LimiTec

Results: As of 7/15/2025, 43 pts (median age 73 yrs (range 43-92); 21 male; 25 White, 14 Black, 4 Hispanic) enrolled. 18/43 (42%) had ≥1 and 7/43 (16%) ≥2 high risk cytogenetic abnormalities (defined as del17p, t(14;16), t(4;14), 1q gain/amp). Median prior lines of therapy was 4 (range 2-13) with 95% triple-class and 44% penta-drug refractory. 10/43 (23%) had ≥1 prior BCMA-directed therapies (BCMA-DT) (4 bela-maf, 2 cilta-cel, 6 ide-cel). Median time from diagnosis to Tec initiation was 7.1 years (range 1-14.8). Median time from first full Tec dose to enrollment was 7.3m (range 5.7-9.5). Response to Tec at enrollment was VGPR in 72% (71% of which met serum/urine criteria for CR) and ≥CR in 28%. Median potential follow-up by reverse K-M is 10.6m (95% CI 7.2-15.6). 6 pts have met failure criteria (1 died due to PD before resuming Tec, 5 failed to respond to Tec re-treatment after PD). 4 additional pts have resumed Tec for PD and are pending response assessment; these 4 pts are counted as failures in this interim analysis. Estimated FFP at 6m post-enrollment is 77% (95% CI 64-92) and at 12m is 73% (95% CI 60-90). Similar outcomes were observed in pts with prior BCMA-DT (6m FFP 88%, 12m 70%) and <CR by serum/urine criteria (6m FFP 69%, 12m 69%).

Among 5 pts who resumed Tec and failed to respond, 4 had BMB at PD with BCMA immunohistochemistry: 1 had no detectable MM, 1 with PD at 14.6m post-enrollment had 5% plasma cells (PCs) that were BCMA+, and 2 with PD at 5.0m and 5.9m post-enrollment had 30% and 80% PCs that were BCMA-neg by IHC. BCMA gene sequencing on CD138-selected cells from the BMB with 30% BCMAneg MM showed loss of the entire BCMA coding region and two BCMA splice-site mutations, indicating selection for multiple BCMA-neg clones. 3/3 pts with PD who received talquetamab (Tal) as next therapy responded (2 VGPR, 1 CR). Among all pts with evaluable samples, plasma soluble BCMA (sBCMA) gradually rose through 6m post-enrollment but remained at low end of normal range (median 2.3 ng/mL, IQR 1.6-3.7, at 6m) including in 4 samples collected at PD.
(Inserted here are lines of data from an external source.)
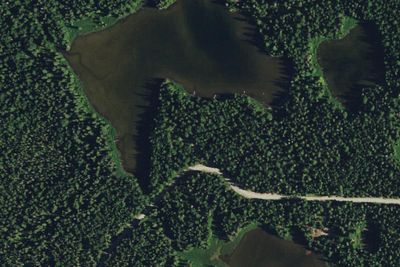 Forlorn Lakes Campground: Sites 9-12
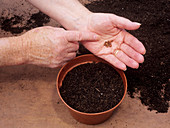 Sowing iris seeds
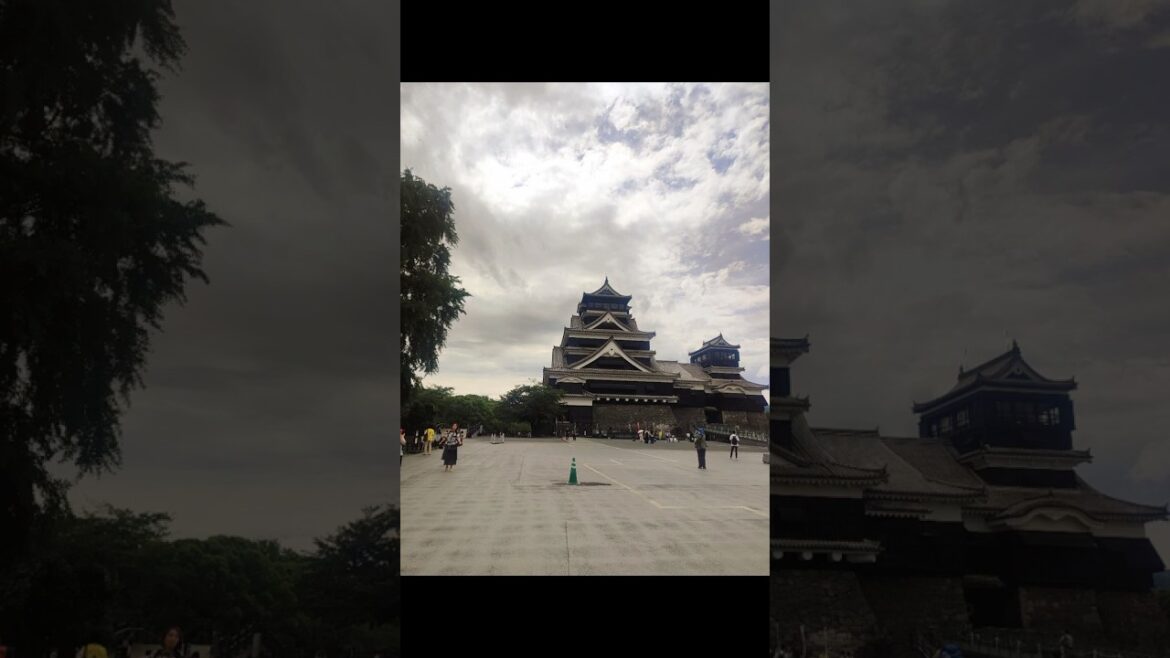 You’ve worked hard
Conclusions: In this preliminary analysis, discontinuation of Tec after 6-9m yields outcomes comparable to historical expectations with continuous therapy with estimated median FFS of 73% at 12m postdiscontinuation in a cohort with 23% prior BCMA-DT. Early instances of PD (<6m after Tec discontinuation) that were evaluable exhibited BCMA loss and were thus unlikely due to Tec discontinuation. Response to Tal immediately after failing Tec re-treatment and low sBCMA at PD further suggest resistance due to BCMA loss/mutation as an important mechanism of PD even months after Tec discontinuation.